Sin embargo, tras los rechazos de Pep Guardiola y Carlo Ancelotti, Maldini y Leonardo apostaron fuerte con la designación de Andrea Pirlo, gran amigo y ex compañero en el Milan, como nuevo seleccionador.
Pirlo había aceptado y parecía inminente su anuncio. Sin embargo, el propio presidente de la FIGC, Giovanni Malagò, frenó las negociaciones debido a las polémicas vínculos comerciales de Pirlo con la casa de apuestas rusa Fonbet.
Por qué en Italia no quieren a Pirlo como DT
Pese a la guerra en Ucrania, Pirlo defendió su rol como embajador global de la compañía rusa, pero las objeciones políticas y internas fueron insuperables y el propio Pirlo anunció que ya no era candidato.
En medio de esta situación Maldini y Leonardo sintieron que no contaban con el respaldo necesario de la federación para llevar adelante su visión y tras intentar otras alternativas (como Thiago Motta), optaron por comunicaron directamente su reuncia a Malagò.
El presidente de la Lega Serie A, Ezio Simonelli, lamentó las salidas diciendo: “No me sorprende, estaba en el aire.

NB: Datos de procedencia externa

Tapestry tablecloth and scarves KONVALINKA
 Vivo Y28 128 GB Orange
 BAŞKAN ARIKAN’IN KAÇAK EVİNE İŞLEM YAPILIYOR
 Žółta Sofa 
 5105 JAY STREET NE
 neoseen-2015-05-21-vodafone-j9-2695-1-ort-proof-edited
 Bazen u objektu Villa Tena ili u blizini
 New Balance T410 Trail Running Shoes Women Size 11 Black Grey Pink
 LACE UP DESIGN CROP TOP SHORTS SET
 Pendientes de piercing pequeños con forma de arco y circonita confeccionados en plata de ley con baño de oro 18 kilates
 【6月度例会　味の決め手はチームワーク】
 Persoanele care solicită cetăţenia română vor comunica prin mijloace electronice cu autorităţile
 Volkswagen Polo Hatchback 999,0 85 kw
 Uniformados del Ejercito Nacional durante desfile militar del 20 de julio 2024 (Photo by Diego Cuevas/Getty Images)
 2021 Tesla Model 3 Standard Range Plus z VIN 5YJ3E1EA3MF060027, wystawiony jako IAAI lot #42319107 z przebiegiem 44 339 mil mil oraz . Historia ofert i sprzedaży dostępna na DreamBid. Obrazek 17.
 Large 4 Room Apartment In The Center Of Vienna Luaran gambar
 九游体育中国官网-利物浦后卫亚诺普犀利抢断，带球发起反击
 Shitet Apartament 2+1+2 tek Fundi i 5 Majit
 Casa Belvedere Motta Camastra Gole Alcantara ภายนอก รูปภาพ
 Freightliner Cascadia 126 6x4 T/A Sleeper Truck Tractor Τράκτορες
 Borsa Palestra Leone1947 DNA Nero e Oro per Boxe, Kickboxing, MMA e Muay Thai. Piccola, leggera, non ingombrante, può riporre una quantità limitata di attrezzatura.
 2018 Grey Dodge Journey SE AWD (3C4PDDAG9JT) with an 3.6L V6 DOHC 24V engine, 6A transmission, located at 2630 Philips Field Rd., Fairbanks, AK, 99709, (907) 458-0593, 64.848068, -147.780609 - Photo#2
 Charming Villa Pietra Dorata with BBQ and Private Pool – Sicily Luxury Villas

Maldini era una gran elección”.
Por estas horas Malagò tiene el control directo de la búsqueda del nuevo DT y los nombres que suenan con más fuerza son Roberto Mancini (su favorito) y Antonio Conte.
Lo cierto es que el inicio de lo que debía ser el inicio de una nueva era duró menos de 3 semanas y generó la renuncia de dos figuras históricas. Una situación delicada y el futuro de una de las selecciones más importantes del fútbol mundial sigue siendo incierto.